Please note that if you have many rows in your lookup file this solution will be time and resource consuming, as it will need to load the entire lookup twice.

 

View solution in original post

JacekF
Path Finder

Will bellow query meet your requirements?

index="idx1" 
    [| inputlookup table1.csv 
    | eval index=lower(index) 
    | eval host=lower(host) 
    | eval sourcetype=lower(sourcetype) 
    | table index, host, sourcetype 
    | rename index AS orig_index, host AS orig_host, sourcetype AS orig_sourcetype] 
| stats max(_time) AS last_seen BY orig_index, orig_sourcetype, orig_host
| rename orig_index as index orig_sourcetype as sourcetype orig_host as host
| append [ | inputlookup table1.csv ]
| dedup index sourcetype host 
| outputlookup table1.csv

Please note that if you have many rows in your lookup file this solution will be time and resource consuming, as it will need to load the entire lookup twice.

 

Taruchit
Contributor

Hi @JacekF,

Thank you for your inputs and sharing the code. The SPL does meet the requirement, however, I observed some issues for which I will need your guidance.

I executed the code you shared and only removed the last line having outputlookup command, so that I can test and see results before data gets stored in the table.
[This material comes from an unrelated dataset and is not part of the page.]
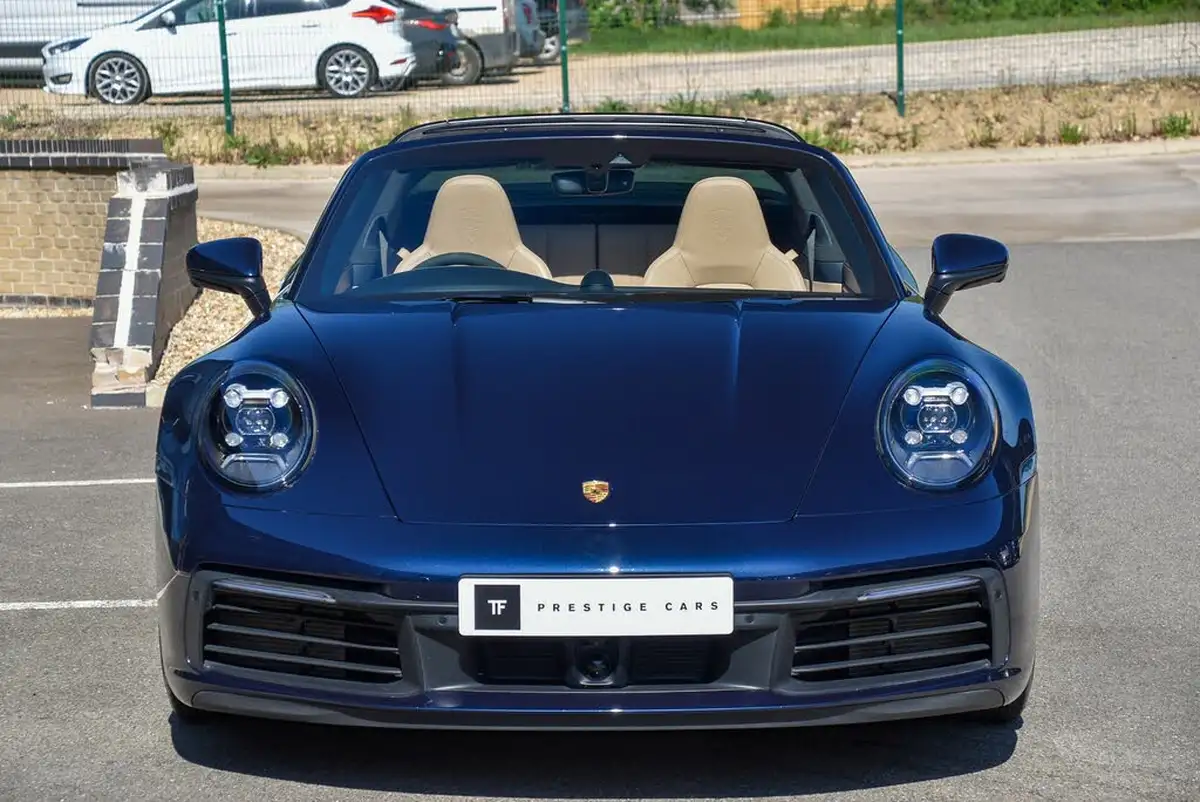 2021-porsche-911-30-targa-4s-big-15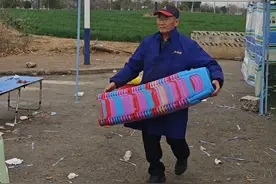 10元可吃40个荤菜！能赚钱吗？合肥“盒饭姐”回应质疑：一天能挣个二三百图片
Also, in order to confirm if only the hosts in the lookup table are getting updated or not, I used a search command to filter couple of hosts.

index="idx1" 
    [| inputlookup table1.csv 
     | search host="10.1.1.1" OR host="10.1.1.2"
    | eval index=lower(index) 
    | eval host=lower(host) 
    | eval sourcetype=lower(sourcetype) 
    | table index, host, sourcetype 
    | rename index AS orig_index, host AS orig_host, sourcetype AS orig_sourcetype] 
| stats max(_time) AS last_seen BY orig_index, orig_sourcetype, orig_host
| rename orig_index as index orig_sourcetype as sourcetype orig_host as host
| append [ | inputlookup table1.csv ]
| dedup index sourcetype host 

And I see that in the result the last_seen value for the two hosts is changed to current date time, and remaining have the old values (which is an expected result). 

However, I noted that the SPL gave 50,000 records [Statistics (50,000)] as the result.
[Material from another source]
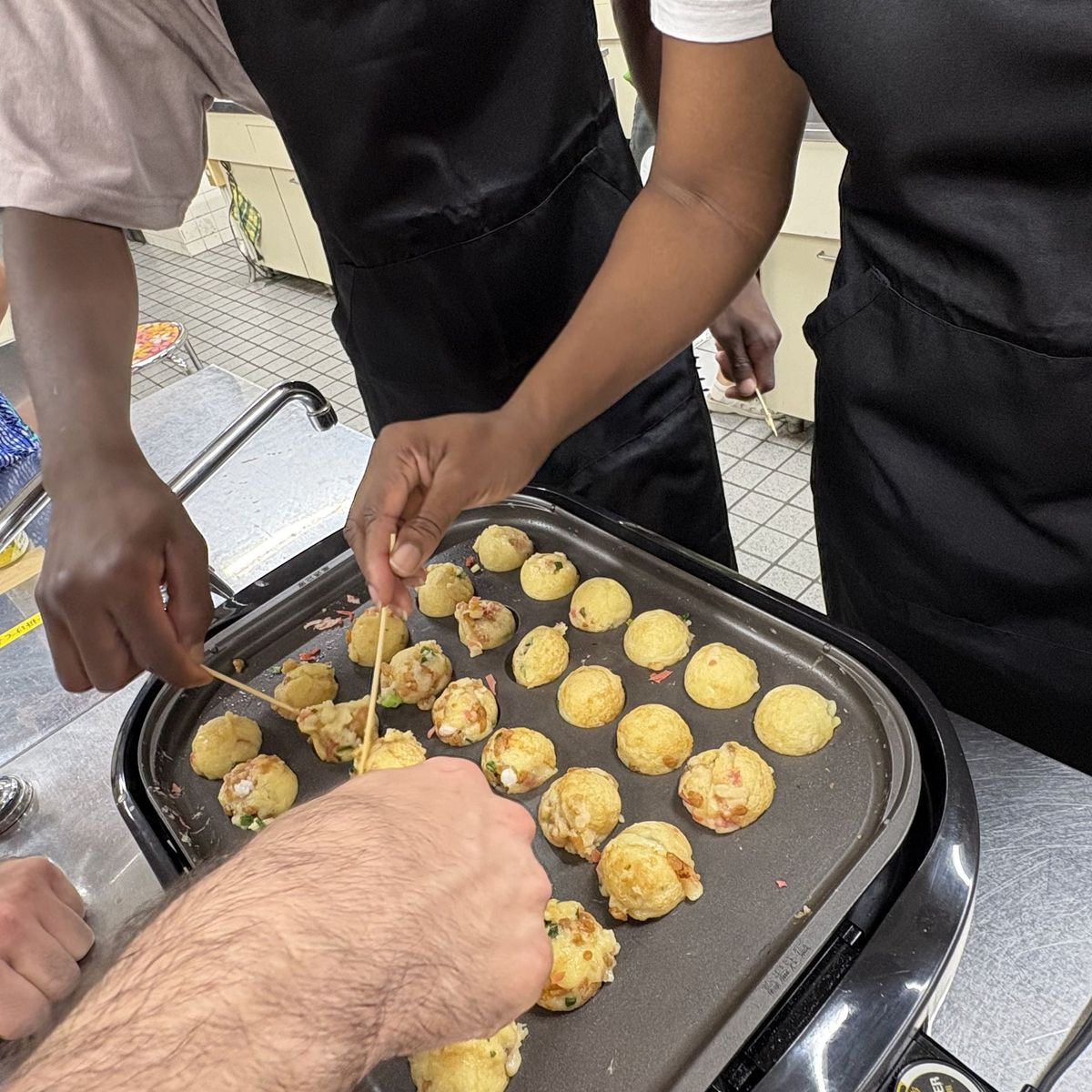 Let’s Have Fun Making Japan’s Famous Takoyaki in Nagoya!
But, when I read the lookup table in separate search: -

|inputlookup table1.csv

The above command gives 50,653 records. 

 

Thus, I want your help to know why there is mismatch in number of records between the final result and the inputlookup command; and how do we resolve that issue.

Thank you

0 Karma

JacekF
Path Finder

Most likely you hit the stats command limit. This can be changed in limits.conf file. You may find this thread useful: Solved: Why do I receive "Limit (50000 results) reached." ... - Splunk Community

0 Karma

Taruchit
Contributor

Hi @JacekF,

Thank you for inputs.

|inputlookup table1.csv

The above SPL gives 50,653 records.

|inputlookup table1.csv
|stats count BY index, sourcetype, host
|inputlookup table1.csv
|stats values(last_seen) BY index, sourcetype, host

The above two SPLs also gives 50,653 records.

 

Thus, if there was a restriction of 50,000 for stats command, I think in the second SPL, I should have got lesser results.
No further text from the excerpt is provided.